Assigned task — Below are records with pictures in them. Transcribe everything from the line containing "FORD-PEUGEOT-CİTROEN 1.6 TDCİ" down to the line containing "Into The Mist 1955 by Fan Ho", exactly, and leave the pictures behind.

Excerpted data —
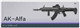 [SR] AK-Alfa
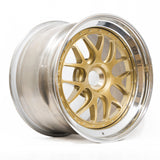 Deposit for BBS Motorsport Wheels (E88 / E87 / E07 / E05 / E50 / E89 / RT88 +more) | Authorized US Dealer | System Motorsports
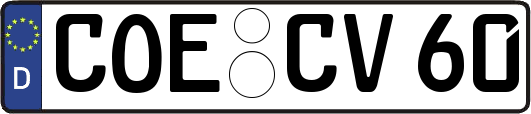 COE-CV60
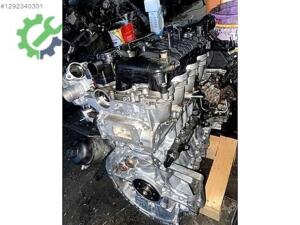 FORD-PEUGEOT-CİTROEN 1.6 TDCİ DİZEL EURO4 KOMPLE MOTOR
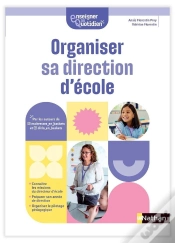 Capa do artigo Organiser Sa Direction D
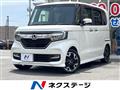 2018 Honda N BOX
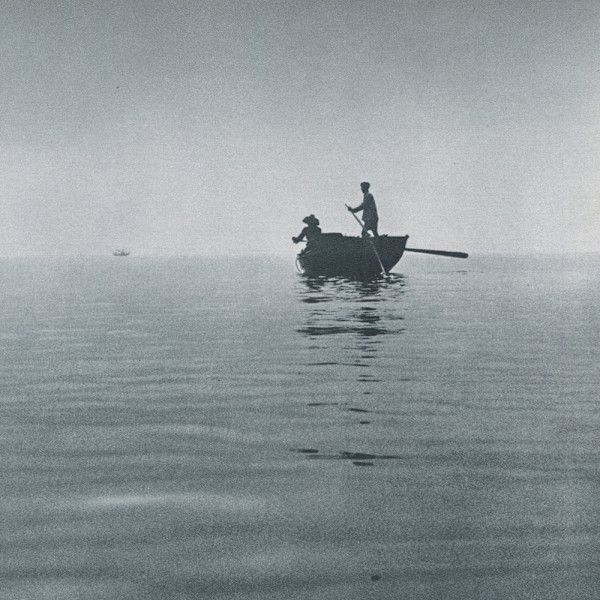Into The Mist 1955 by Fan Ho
---
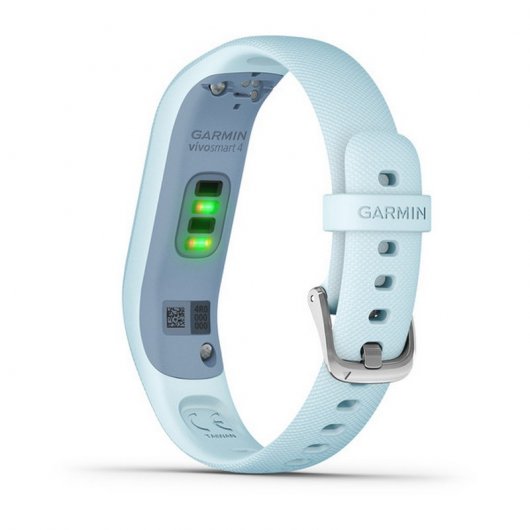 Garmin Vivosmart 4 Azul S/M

Answer section —
 FORD-PEUGEOT-CİTROEN 1.6 TDCİ DİZEL EURO4 KOMPLE MOTOR
 Capa do artigo Organiser Sa Direction D
 2018 Honda N BOX
Into The Mist 1955 by Fan Ho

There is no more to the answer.